Scatterplots mapping different audio features to popularity are shown below. In these charts, if some audio features are extreme enough, you can see if popularity drops or a technical limit is reached. 

In [None]:
sns.scatterplot(x = 'acousticness', y = 'popularity', data = tracks, alpha = 0.03, color = 'black')

In [None]:
sns.scatterplot(x = 'danceability', y = 'popularity', data = tracks, alpha = 0.03, color = 'black')

In [None]:
sns.scatterplot(x = 'energy', y = 'popularity', data = tracks, alpha = 0.03, color = 'black')

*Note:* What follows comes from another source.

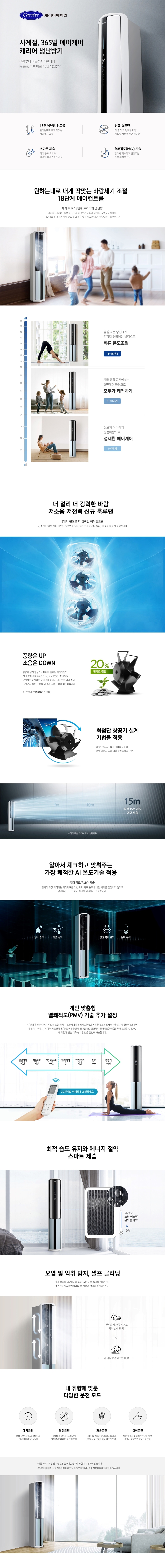 뉴에어로 18단 냉난방기 23평형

At energy = 0.5, it looks like the popularity tapers. 

In [None]:
sns.scatterplot(x = 'explicit', y = 'popularity', data = tracks, alpha = 0.03, color = 'black')

In [None]:
sns.scatterplot(x = 'loudness', y = 'popularity', data = tracks, alpha = 0.03, color = 'black')

In [None]:
sns.scatterplot(x = 'speechiness', y = 'popularity', data = tracks, alpha = 0.03, color = 'black')

In [None]:
sns.scatterplot(x = 'tempo', y = 'popularity', data = tracks, alpha = 0.03, color = 'black')

In [None]:
sns.scatterplot(x = 'year', y = 'popularity', data = tracks, alpha = 0.03, color = 'black')

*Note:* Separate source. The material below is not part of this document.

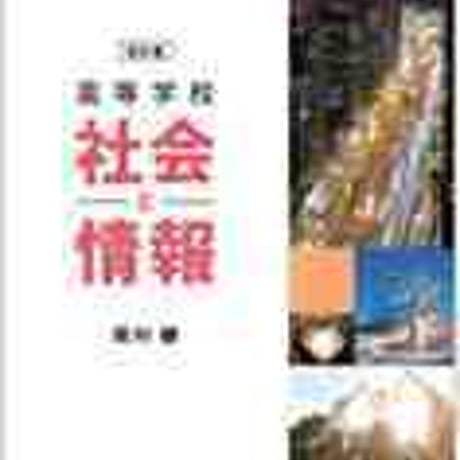 数研出版　高校教科書　改訂版　高等学校　社会と情報　［教番：社情314］　新品　ISBN　9784410821042　s002-316-001-textbook-lo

In the bottom right corner, there's a cluster of tracks that are new and didn't get a lot of listeners yet. 

## Data Modeling

**Linear regression to predict popularity based on release year**

In [None]:
model_year = smf.ols(data = tracks, formula = "popularity ~ year")
result_year = model_year.fit()
result_year.summary()

Results:
- R-squared: 0.744
- Coef: Intercept = -1404.3129, year = 0.7263

If year increases by 1, then the popularity score goes up by 0.73. For comparison, the popularity score can be 0 to 100.

In [None]:
tracks['predicted_popularity_yr'] = result_year.predict(tracks)
tracks.head()

In [None]:
tracks.tail()

**Linear regression to predict popularity based on acousticness**

In [None]:
model_ac = smf.ols(data = tracks, formula = "popularity ~ acousticness")
result_ac = model_ac.fit()
result_ac.summary()

Results:
- R-squared: 0.329
- Coef: Intercept = 48.1366, acousticness = -33.2690	

A track that's not acoustic (score of 0) would have a 33 point higher popularity score than one that is (score of 1).

In [None]:
tracks['predicted_popularity_ac'] = result_ac.predict(tracks)
tracks.head()

In [None]:
tracks.tail()

**Linear regression to predict popularity based on release year, acoustics, energy, and loudness**

In [None]:
model_3 = smf.ols(formula = "popularity ~ year + acousticness + energy + loudness", data = tracks).fit()
model_3.summary()

Here, the coefficient for energy is -3.78, which doesn't make sense because earlier, we saw that 1) the correlation is a positive value and 2) the scatterplot showed a positive trend. 

It might be influenced by the other factors: year, acousticness, and loudness.

In [None]:
tracks['predicted_popularity'] = model_3.predict(tracks)
tracks.head()

In [None]:
tracks.tail()

**Cost functions for each of these models**

How far off are the 3 sample models?

In [None]:
#wrong cost function 
cost_yr = sum((tracks['predicted_popularity_yr'] - tracks['popularity'])**2)
cost_ac = sum((tracks['predicted_popularity_ac'] - tracks['popularity'])**2)
cost = sum((tracks['predicted_popularity'] - tracks['popularity'])**2)

print(cost_yr)
print(cost_ac)
print(cost)

In [None]:
#improved cost function
n = len(tracks.index)

cost_yr = sum(abs(tracks['predicted_popularity_yr'] - tracks['popularity']))/n
cost_ac = sum(abs(tracks['predicted_popularity_ac'] - tracks['popularity']))/n
cost = sum(abs(tracks['predicted_popularity'] - tracks['popularity']))/n

print(cost_yr)
print(cost_ac)
print(cost)

The third model (predicting based on release year, acoustics, energy, and loudness) was has the  the most accurate out of the three.